__AIM OF THE TASK__: In the data below, find each line containing the string "Print" and return it.

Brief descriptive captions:
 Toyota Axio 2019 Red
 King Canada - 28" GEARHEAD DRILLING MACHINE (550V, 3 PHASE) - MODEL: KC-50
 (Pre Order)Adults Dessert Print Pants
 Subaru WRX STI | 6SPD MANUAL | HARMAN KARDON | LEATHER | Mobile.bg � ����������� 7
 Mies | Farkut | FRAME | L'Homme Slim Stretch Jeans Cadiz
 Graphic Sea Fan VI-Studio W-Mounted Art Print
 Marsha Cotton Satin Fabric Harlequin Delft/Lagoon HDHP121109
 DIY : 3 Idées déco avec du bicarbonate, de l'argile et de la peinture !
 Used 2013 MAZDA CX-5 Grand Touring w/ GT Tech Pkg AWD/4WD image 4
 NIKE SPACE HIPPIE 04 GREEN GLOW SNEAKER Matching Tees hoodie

__WRITTEN RESPONSE__:
 (Pre Order)Adults Dessert Print Pants
 Graphic Sea Fan VI-Studio W-Mounted Art Print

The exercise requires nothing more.